Il aura fallu plus de cinq ans de longues et laborieuses négociations avant d’arriver à un accord. « Nous qualifierons maintenant officiellement ces événements pour ce qu’ils sont, un génocide », a déclaré le ministre des Affaires étrangères allemand Heiko Maas.

L’Allemagne, puissance coloniale à partir de 1884, a réprimé violemment au début du XXe siècle des révoltes des tribus herero et nama, utilisant des méthodes génocidaires avec massacres de masse et camps de concentration. 60 000 à 80 000 personnes en furent les victimes.

Début 1904, les Hereros, privés de leurs terres et de leur bétail dans ce territoire semi-désertique du Sud-Ouest africain (la dénomination officielle à l’époque de l’actuelle Namibie), se révoltent contre la puissance coloniale. La répression est féroce. « Tout Herero avec ou sans arme, avec ou sans bataille doit être abattu », ordonne le général Lothar von Trotha. Cette minorité ne représente plus que 7% de la population namibienne actuelle contre 40 % au début du XXe siècle. Les Namas qui se révoltent un an plus tard voient leur révolte réprimée tout aussi violemment.

Plus de dix ans depuis les premières excuses allemandes

La présence coloniale allemande sur place s’achève dès 1915. Après le déclenchement de la Première Guerre mondiale, des affrontements opposent la colonie germanique à l’Afrique du Sud qui l’emporte. Le Traité de Versailles en 1919 met fin à la présence coloniale en Afrique et ailleurs. Après la Seconde Guerre mondiale, le travail de mémoire, avec retard, se focalise en Allemagne sur le Troisième Reich et les crimes du nazisme. Le passé colonial du pays passe à l’arrière-plan.

► À écouter aussi : La marche du monde - Namibie: le génocide des Herero et des Nama

Un siècle après, une ministre allemande présente des excuses pour les « atrocités » commises. L’ambassadeur de Namibie à Berlin réclame en 2008 la restitution de crânes envoyés en Allemagne pour des expériences scientifiques un siècle plus tôt. Des ossements de guerriers hereros et namas sont restitués à la Namibie durant la dernière décennie.

Le ministre des Affaires étrangères de l’époque Frank-Walter Steinmeier lance en 2015 des négociations avec la Namibie pour parvenir à un accord final sur ce dossier douloureux. Des discussions qui auront donc duré plus de cinq ans. C’est le même Frank-Walter Steinmeier, aujourd’hui président de la République allemande qui pourrait se rendre sur place et demander officiellement pardon à la Namibie et aux descendants des victimes pour les crimes commis par son pays.
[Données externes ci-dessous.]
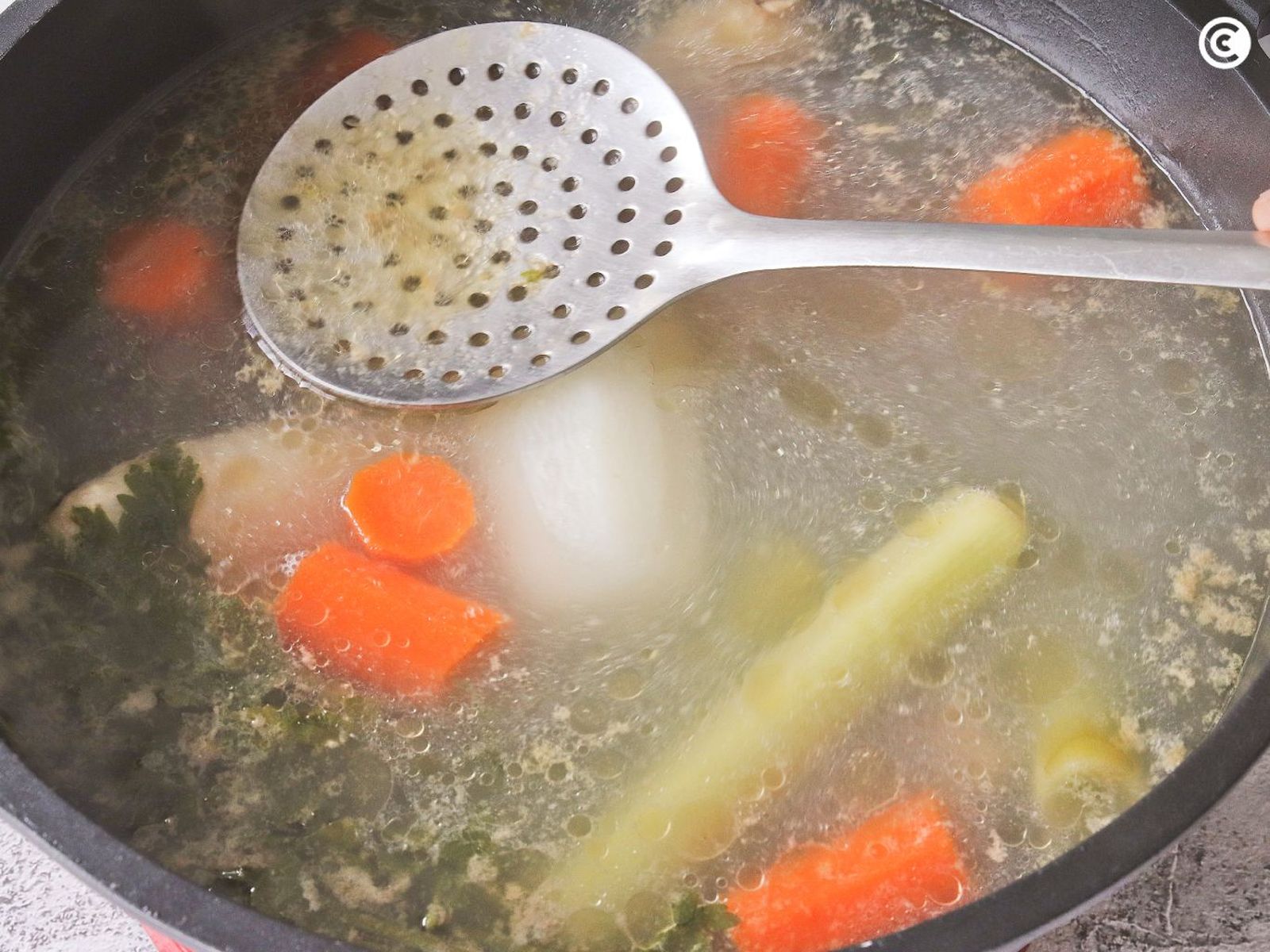 Retirar la espuma e impurezas del consome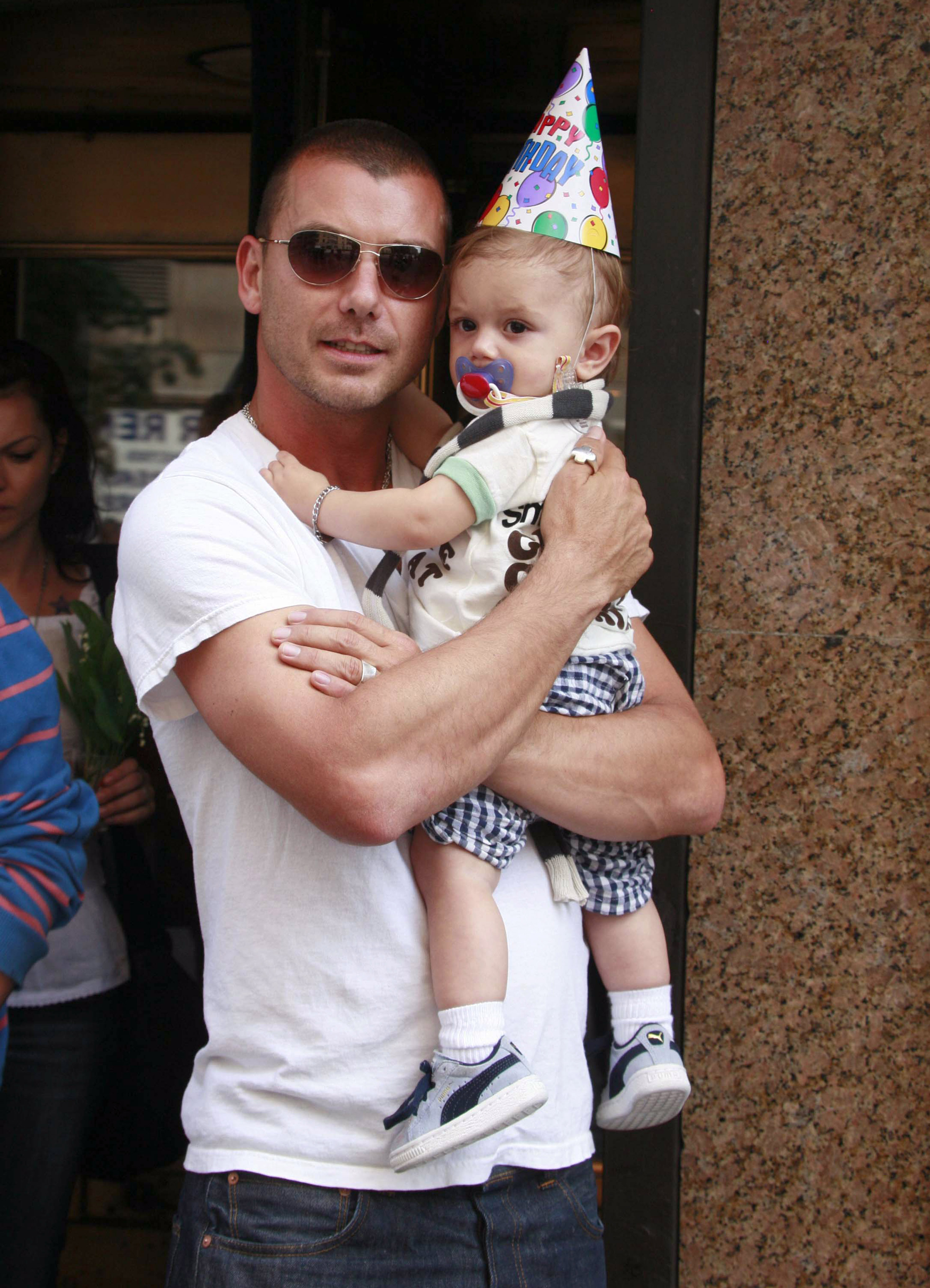 Gavin Rossdale and son Kingston during his first birthday celebration on May 26, 2007 in New York City | Source: Getty Images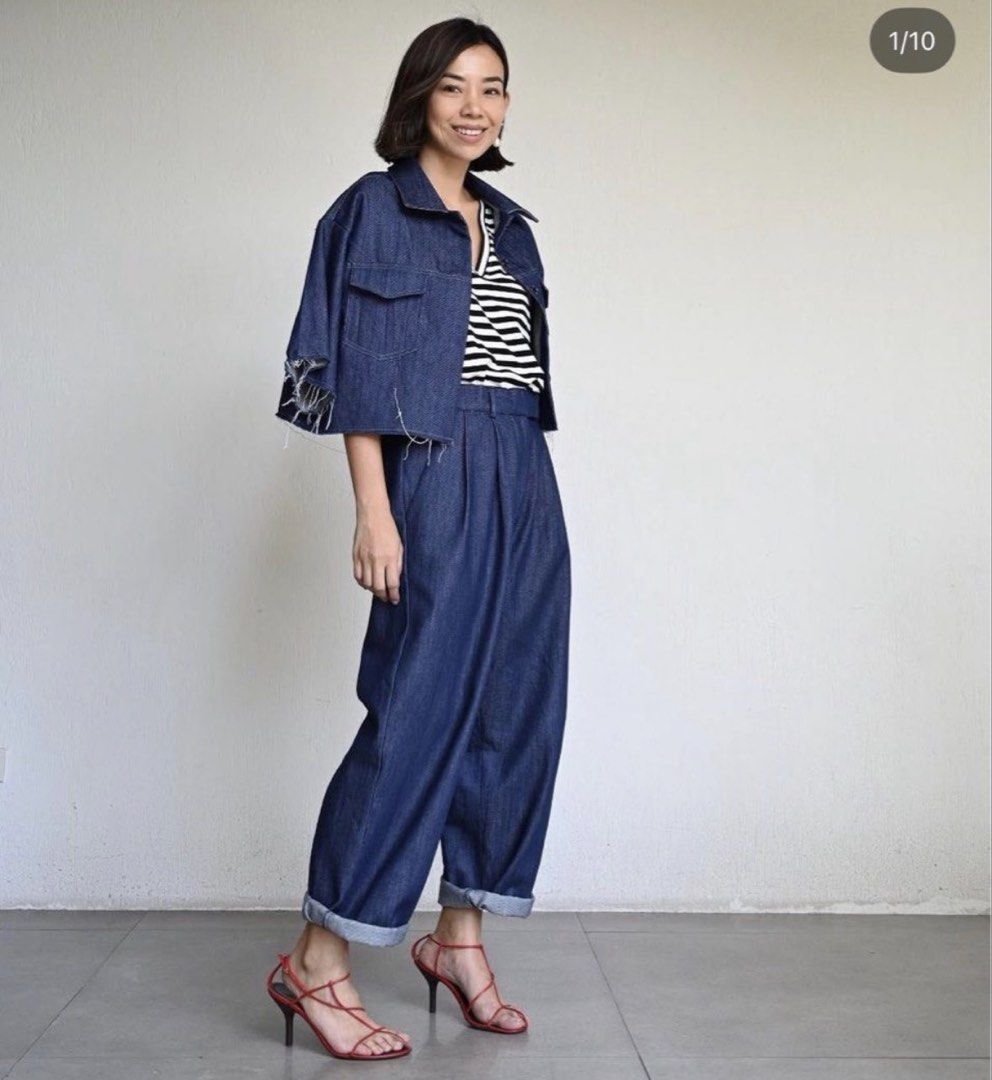 Unif0rm Brazil Trousers (Category: Jeans) located in Pasig City. Submitted by blt78 (Listing ID 1445865038, Image 1). Description: Size S Used once only Bought for 4,000 2 pairs available.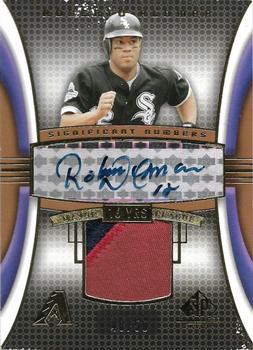 2004 SP Game Used Patch - Significant Numbers Autograph #RA Roberto Alomar Front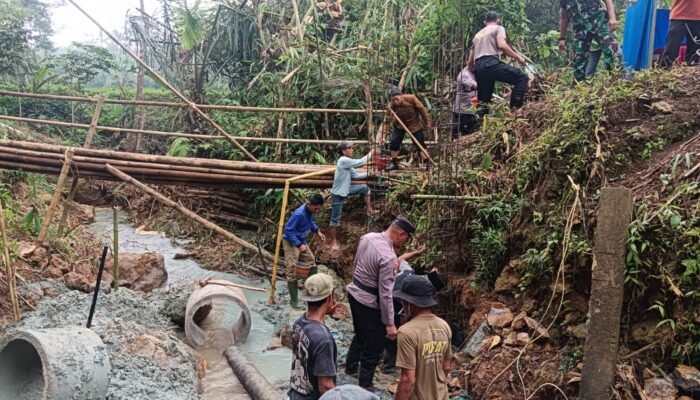 Sinergi Polisi dan Warga, Polres Trenggalek Bangun Jembatan Merah Putih Presisi di Pule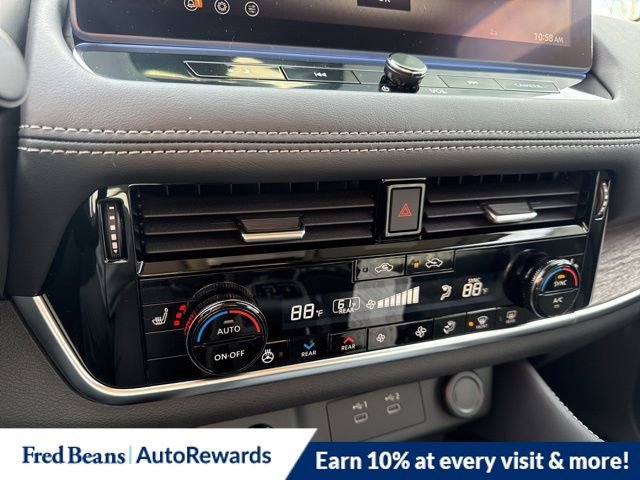 New 2026 Nissan Rogue Platinum image 17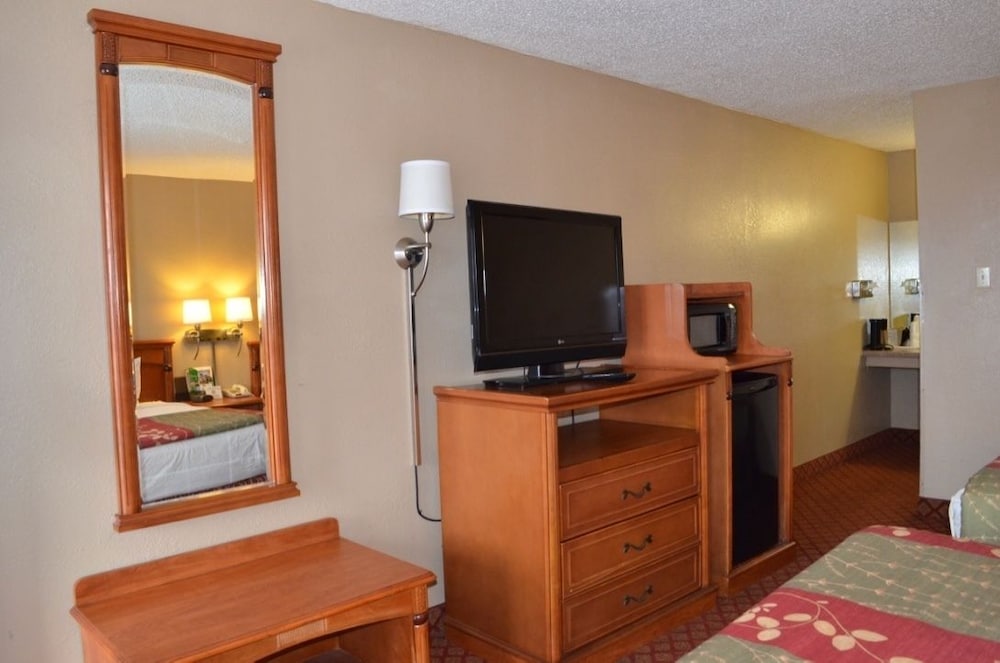 Room, 1 Queen Bed, Non Smoking photo 3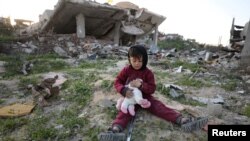 غزہ کے بے گھر ہونے والے ایک خاندان نے واپسی پر اپنے گھر کو کھنڈرات میں پایا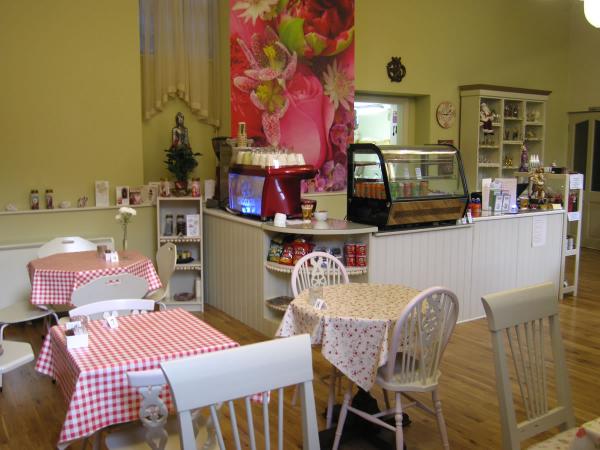Deborah's Country Cafe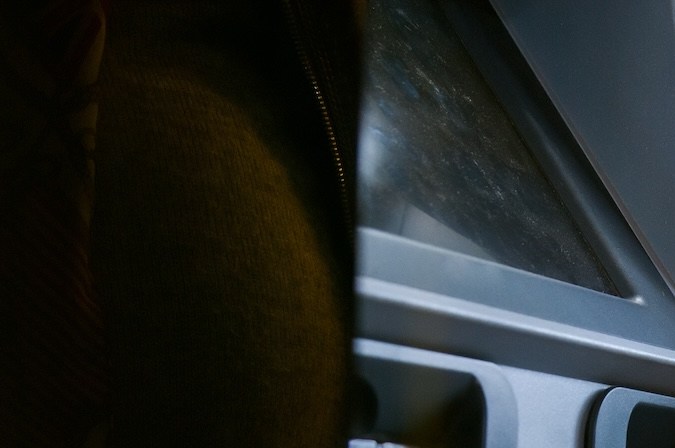 Señora usando cajero automático para retirar su dinero.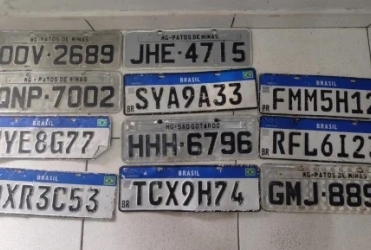 Placas de veículos são encontradas espalhadas por Patos de Minas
1,1 milliard d'euros versés sur 30 ans

Les laborieuses négociations ne conduisent pas à des dédommagements et n’ouvrent pas la voie à des indemnisations individuelles. Berlin estime que l’introduction du terme de « génocide » dans le droit international après la Seconde Guerre mondiale sans effet rétroactif ne permet pas une telle reconnaissance formelle avec les conséquences juridiques qui y sont liées. Cet aspect a joué un rôle important durant les négociations. L’accord aurait finalement eu lieu ce printemps par crainte de la Namibie que l’arrivée d’un nouveau gouvernement en Allemagne à l’automne n’oblige à reprendre tout ou partie des discussions.

Berlin s’engage toutefois à verser 1,1 milliard d’euros sur 30 ans pour soutenir des projets d’infrastructures au profit des populations hereros et namas. Les défenseurs de ces minorités craignent toutefois que ces sommes qui font l’objet d’un accord intergouvernemental ne soient pas nécessairement utilisées aux fins prévues.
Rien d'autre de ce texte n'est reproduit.